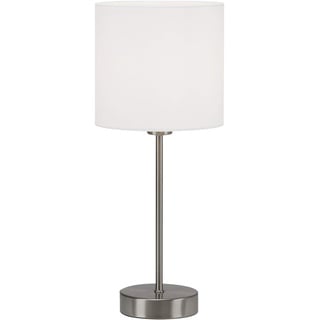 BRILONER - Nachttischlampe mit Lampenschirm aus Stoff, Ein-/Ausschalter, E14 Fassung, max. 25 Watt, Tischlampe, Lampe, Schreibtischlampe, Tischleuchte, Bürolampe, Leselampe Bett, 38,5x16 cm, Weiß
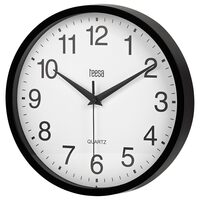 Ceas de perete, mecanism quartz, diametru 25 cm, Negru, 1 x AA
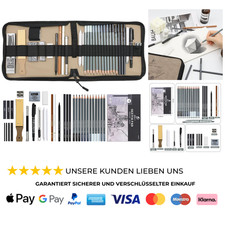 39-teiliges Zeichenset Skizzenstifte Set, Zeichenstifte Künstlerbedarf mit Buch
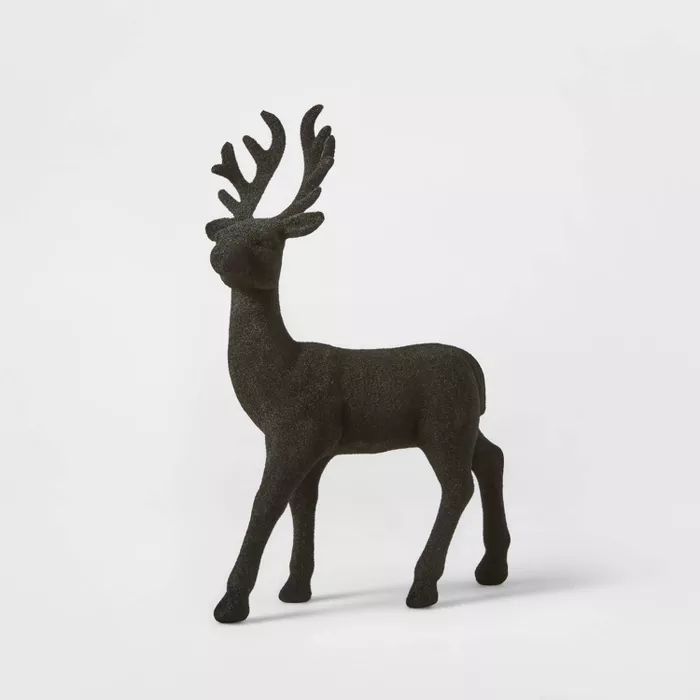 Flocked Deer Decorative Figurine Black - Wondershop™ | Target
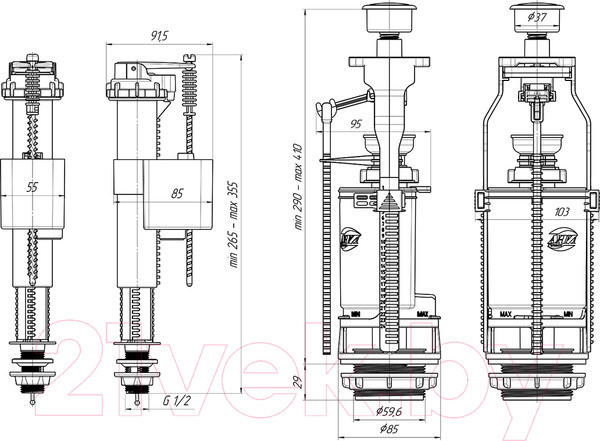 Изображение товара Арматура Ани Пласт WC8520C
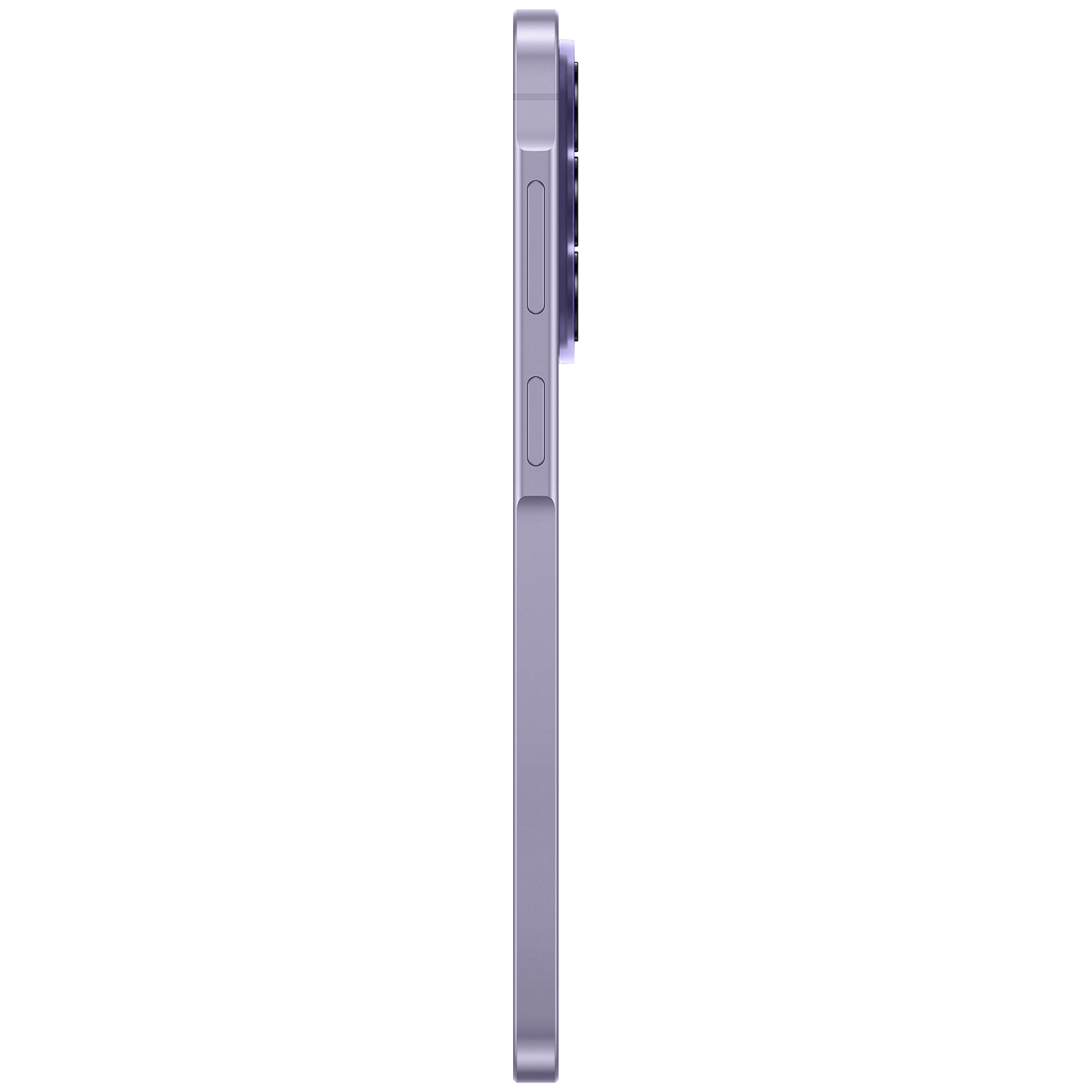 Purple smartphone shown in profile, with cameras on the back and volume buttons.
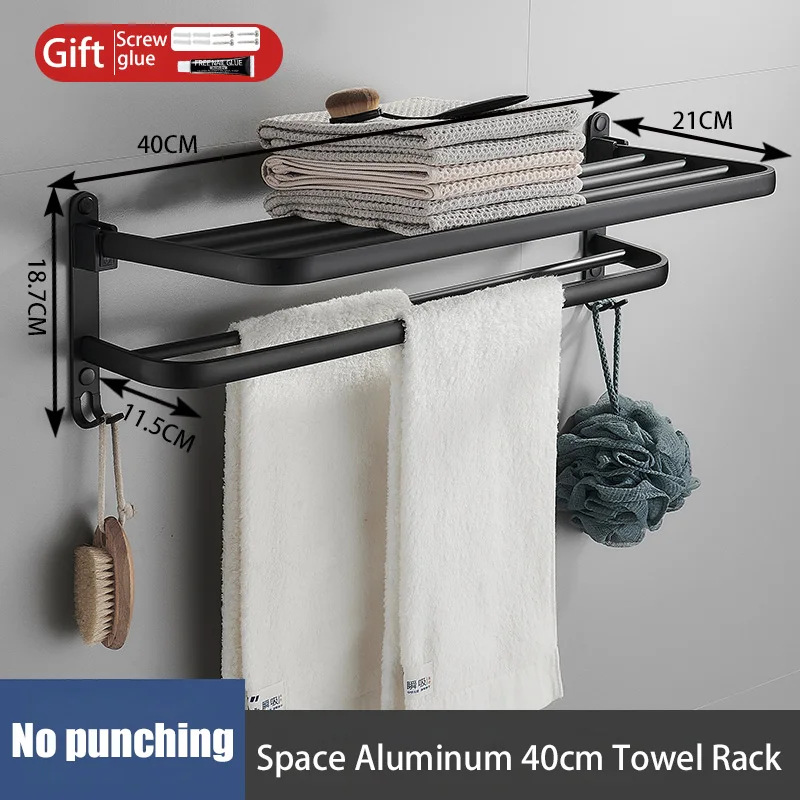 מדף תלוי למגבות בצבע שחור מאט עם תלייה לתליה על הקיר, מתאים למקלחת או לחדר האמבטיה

#### How to complete this task
Skip the pictures and transcribe the rest of the records exactly.

#### Output
 BRILONER - Nachttischlampe mit Lampenschirm aus Stoff, Ein-/Ausschalter, E14 Fassung, max. 25 Watt, Tischlampe, Lampe, Schreibtischlampe, Tischleuchte, Bürolampe, Leselampe Bett, 38,5x16 cm, Weiß
 Ceas de perete, mecanism quartz, diametru 25 cm, Negru, 1 x AA
 39-teiliges Zeichenset Skizzenstifte Set, Zeichenstifte Künstlerbedarf mit Buch
 Flocked Deer Decorative Figurine Black - Wondershop™ | Target
 Изображение товара Арматура Ани Пласт WC8520C
 Purple smartphone shown in profile, with cameras on the back and volume buttons.
 מדף תלוי למגבות בצבע שחור מאט עם תלייה לתליה על הקיר, מתאים למקלחת או לחדר האמבטיה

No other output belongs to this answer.